YOUR ASSIGNMENT. Take the line that holds "Motul 8100 X-Clean+ Olio 5W30 5L, Nero" and every line after it to the end of the entries, and repeat them exactly without the pictures.

Captioned web image data:
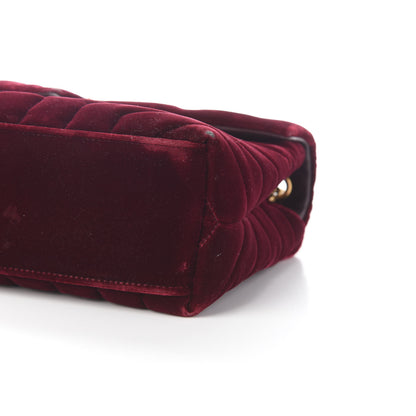 Saint Laurent Velvet Y Quilted Monogram Small Loulou Chain Satchel Burgundy 8 of 11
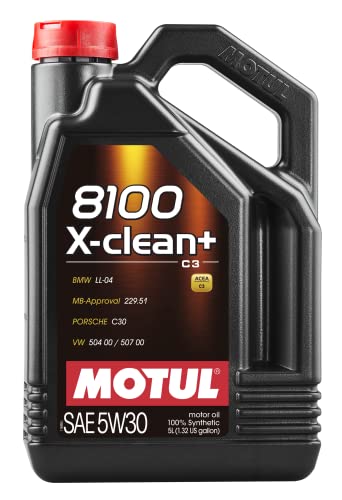 Motul 8100 X-Clean+ Olio 5W30 5L, Nero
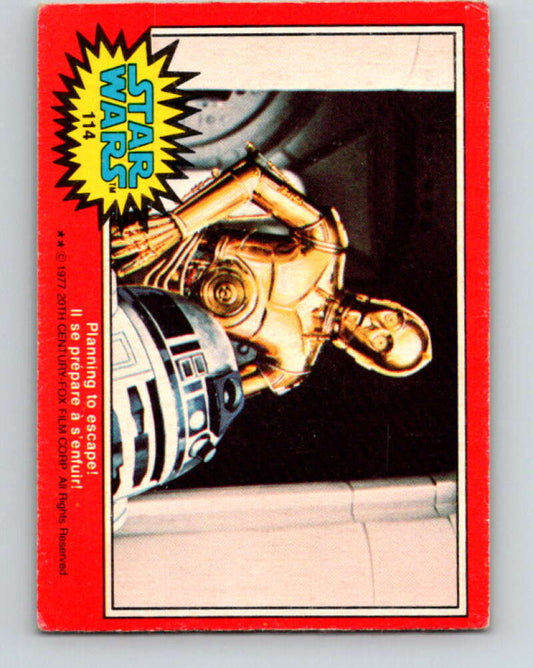 1977 OPC Star Wars #114 Planning to escape!   V34292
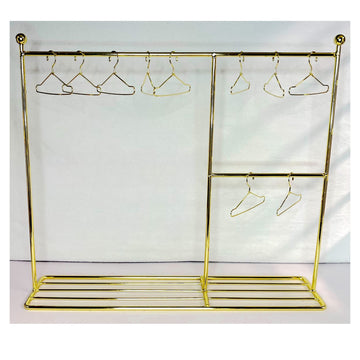 Eledoll 1:6 Dollhouse Furniture Clothes Hanger Clothing Rack Golden Metal Stand Wardrobe 1/6 With 20 Hangers For The 12'' Fashio
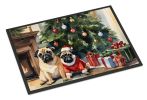 Pug Cozy Christmas Doormat Front Door Mat Indoor Outdoor Rugs for Entryway, Non Slip Washable Low Pile, 24H X 36W
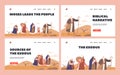 Moses Leads the People Landing Page Template Set. Biblical Prophet Guides Israelites Through Desert Vector Illustration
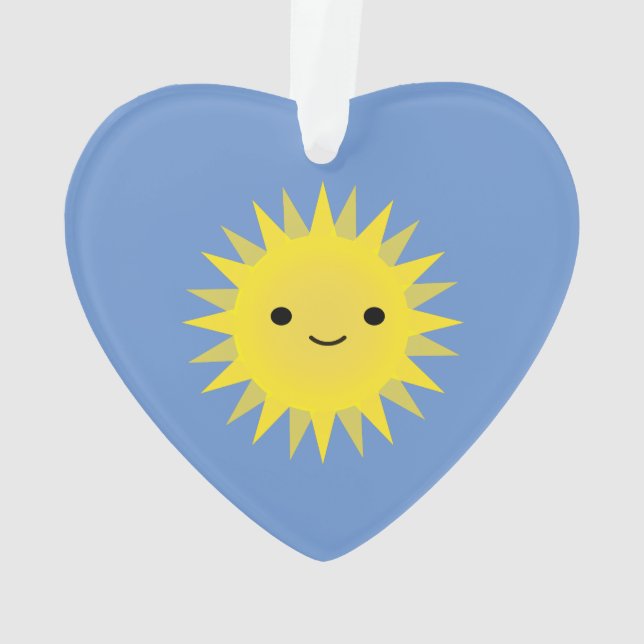 Niedlich Kawaii Smiling Sun Ornament (Rückseite)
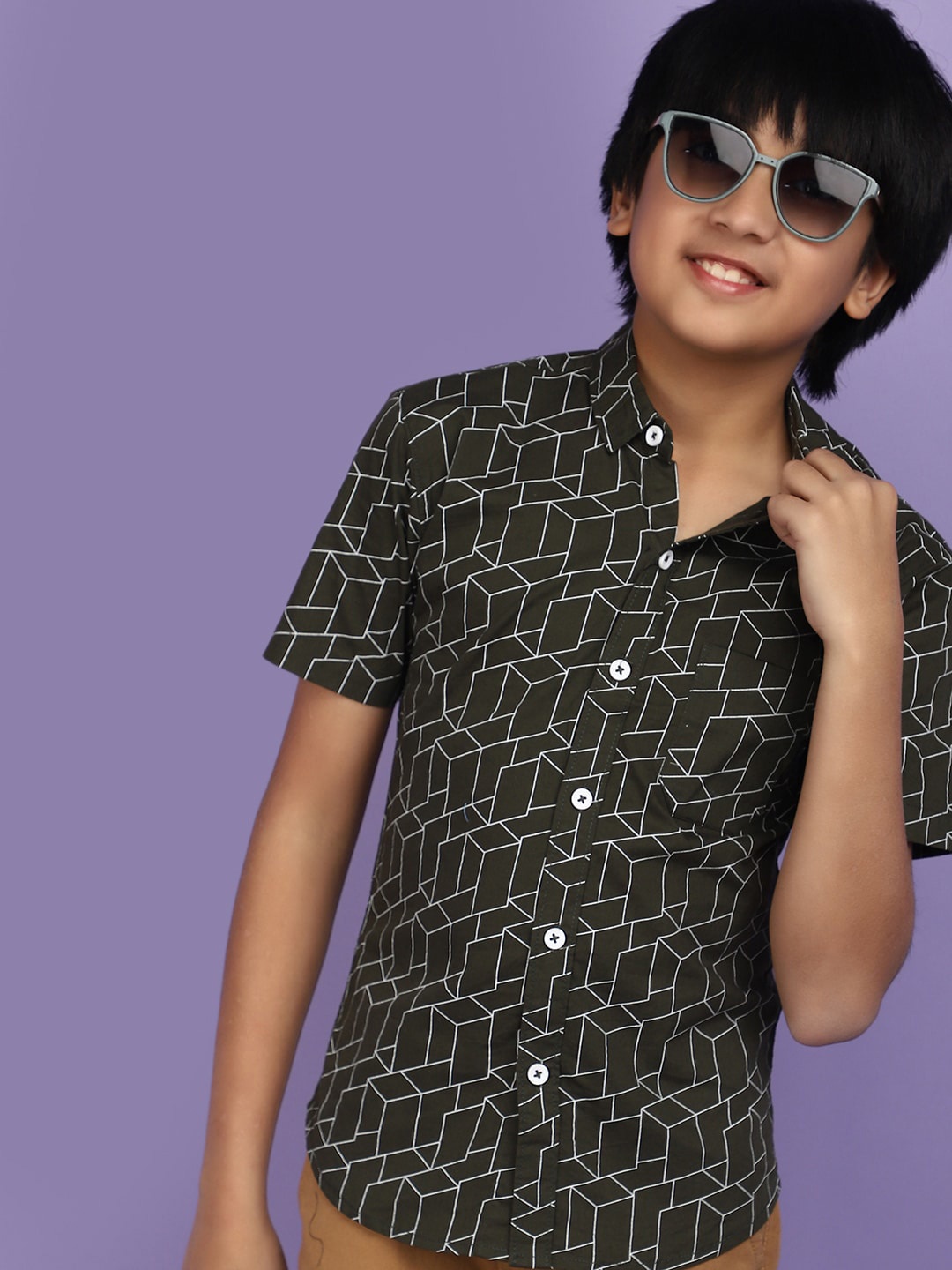

V-Mart Boys Geometric Printed Spread Collar Cotton Casual Shirt, Green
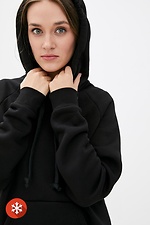 Black brushed cotton sweatshirt with hood Garne 3039431 photo №4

RESPONSE TO THE EXERCISE.
 Motul 8100 X-Clean+ Olio 5W30 5L, Nero
 1977 OPC Star Wars #114 Planning to escape!   V34292
 Eledoll 1:6 Dollhouse Furniture Clothes Hanger Clothing Rack Golden Metal Stand Wardrobe 1/6 With 20 Hangers For The 12'' Fashio
 Pug Cozy Christmas Doormat Front Door Mat Indoor Outdoor Rugs for Entryway, Non Slip Washable Low Pile, 24H X 36W
 Moses Leads the People Landing Page Template Set. Biblical Prophet Guides Israelites Through Desert Vector Illustration
 Niedlich Kawaii Smiling Sun Ornament (Rückseite)

V-Mart Boys Geometric Printed Spread Collar Cotton Casual Shirt, Green
 Black brushed cotton sweatshirt with hood Garne 3039431 photo №4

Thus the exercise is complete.